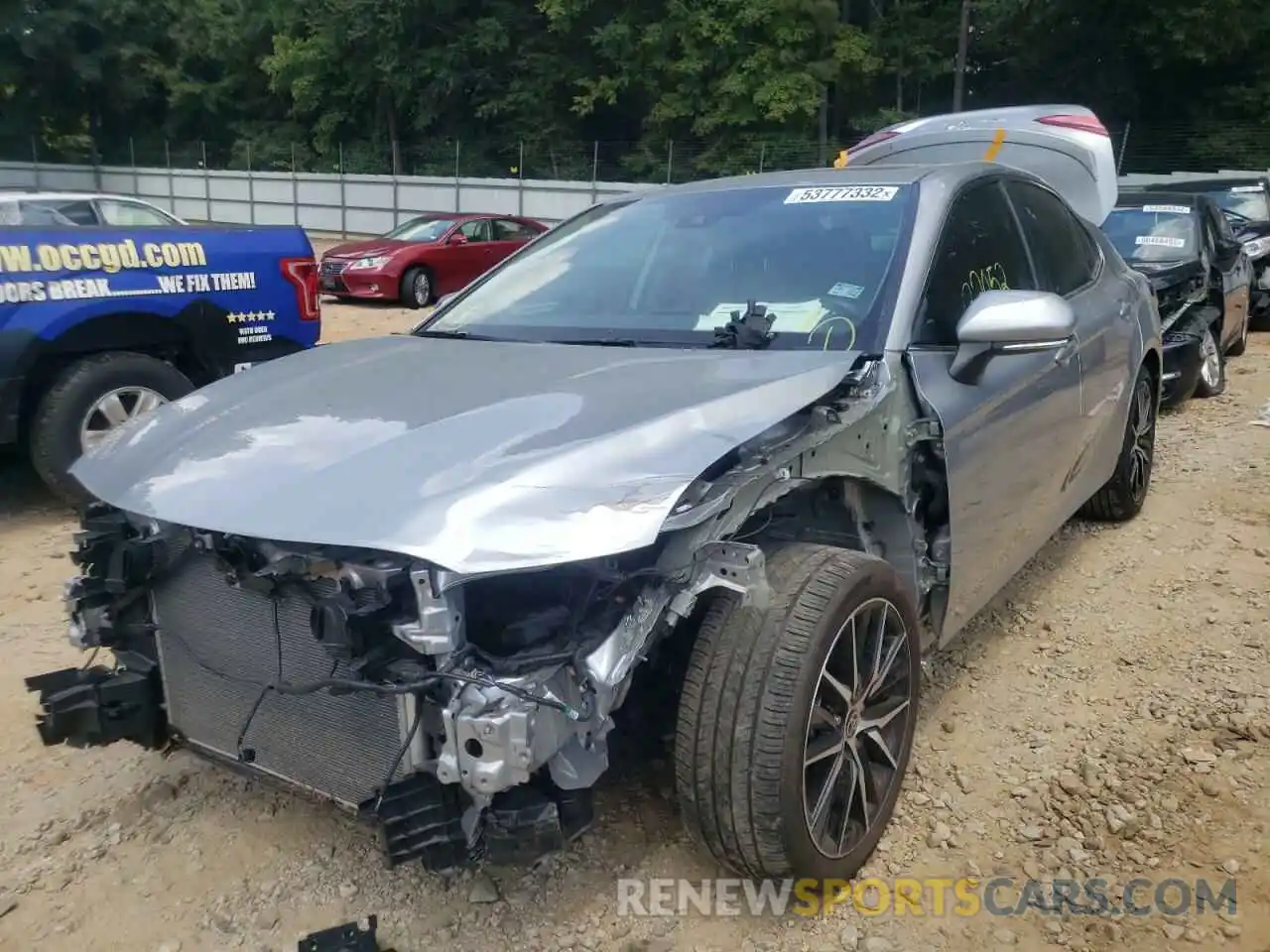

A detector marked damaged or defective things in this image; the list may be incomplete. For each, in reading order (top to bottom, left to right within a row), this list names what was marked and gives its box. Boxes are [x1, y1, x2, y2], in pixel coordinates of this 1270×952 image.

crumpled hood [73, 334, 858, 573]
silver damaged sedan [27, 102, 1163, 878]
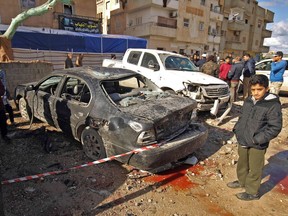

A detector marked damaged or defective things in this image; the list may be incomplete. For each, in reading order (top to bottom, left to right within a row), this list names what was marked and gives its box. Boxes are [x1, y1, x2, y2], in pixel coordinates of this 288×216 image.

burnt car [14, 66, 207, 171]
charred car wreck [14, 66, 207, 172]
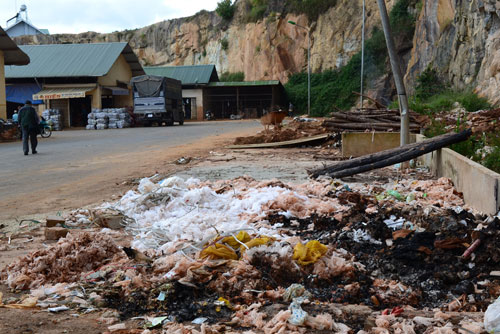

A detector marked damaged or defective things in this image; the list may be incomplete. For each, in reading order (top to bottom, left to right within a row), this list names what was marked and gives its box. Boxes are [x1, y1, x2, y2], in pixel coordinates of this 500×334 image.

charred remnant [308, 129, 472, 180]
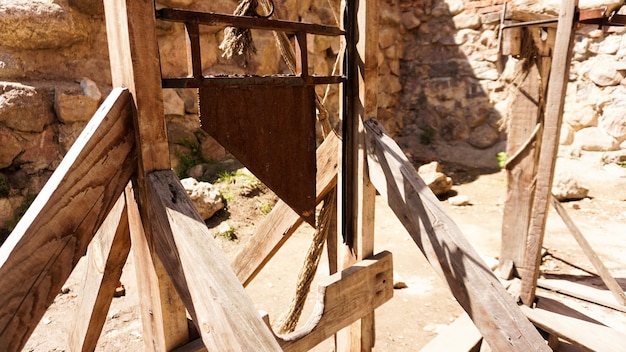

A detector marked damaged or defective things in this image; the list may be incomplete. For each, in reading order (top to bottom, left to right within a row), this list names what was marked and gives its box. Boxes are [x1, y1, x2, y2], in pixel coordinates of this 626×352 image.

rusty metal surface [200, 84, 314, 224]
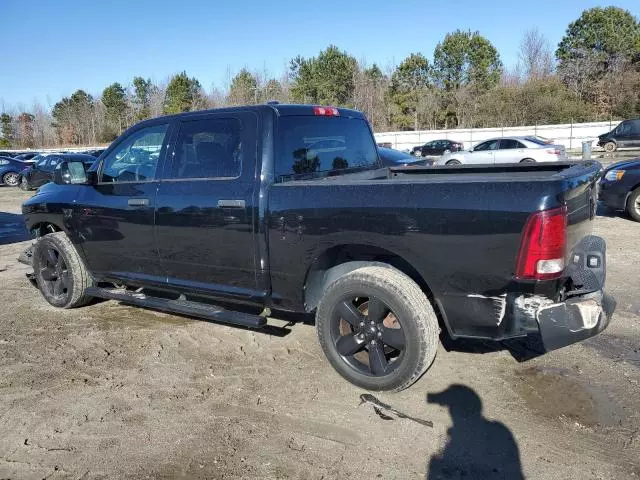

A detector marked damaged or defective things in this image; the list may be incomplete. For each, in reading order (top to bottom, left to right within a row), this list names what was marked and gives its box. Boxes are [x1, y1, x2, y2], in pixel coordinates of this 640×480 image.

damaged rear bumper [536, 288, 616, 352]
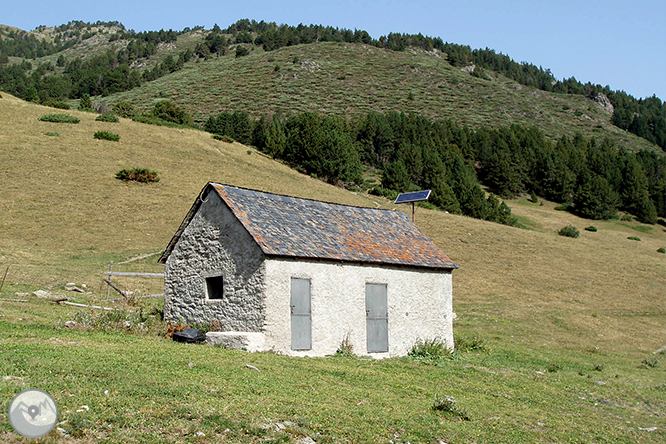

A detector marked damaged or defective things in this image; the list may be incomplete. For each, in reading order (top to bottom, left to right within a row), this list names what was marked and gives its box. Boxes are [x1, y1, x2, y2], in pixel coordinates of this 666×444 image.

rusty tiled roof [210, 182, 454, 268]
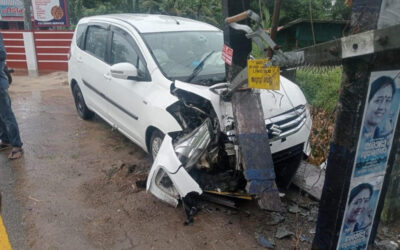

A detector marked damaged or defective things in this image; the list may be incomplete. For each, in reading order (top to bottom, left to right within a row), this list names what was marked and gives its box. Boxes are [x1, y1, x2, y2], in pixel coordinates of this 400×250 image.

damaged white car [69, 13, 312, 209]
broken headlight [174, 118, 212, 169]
------------------------
→ What to work on: An exact repeat of the lines from the one containing "this 400×250 image." through the final line above, both included, is the whole answer.

→ Solution:
A detector marked damaged or defective things in this image; the list may be incomplete. For each, in reading order (top to bottom, left to right within a row), this list names what was marked and gives its box. Boxes are [x1, y1, x2, y2], in pixel coordinates of this 400×250 image.

damaged white car [69, 13, 312, 209]
broken headlight [174, 118, 212, 169]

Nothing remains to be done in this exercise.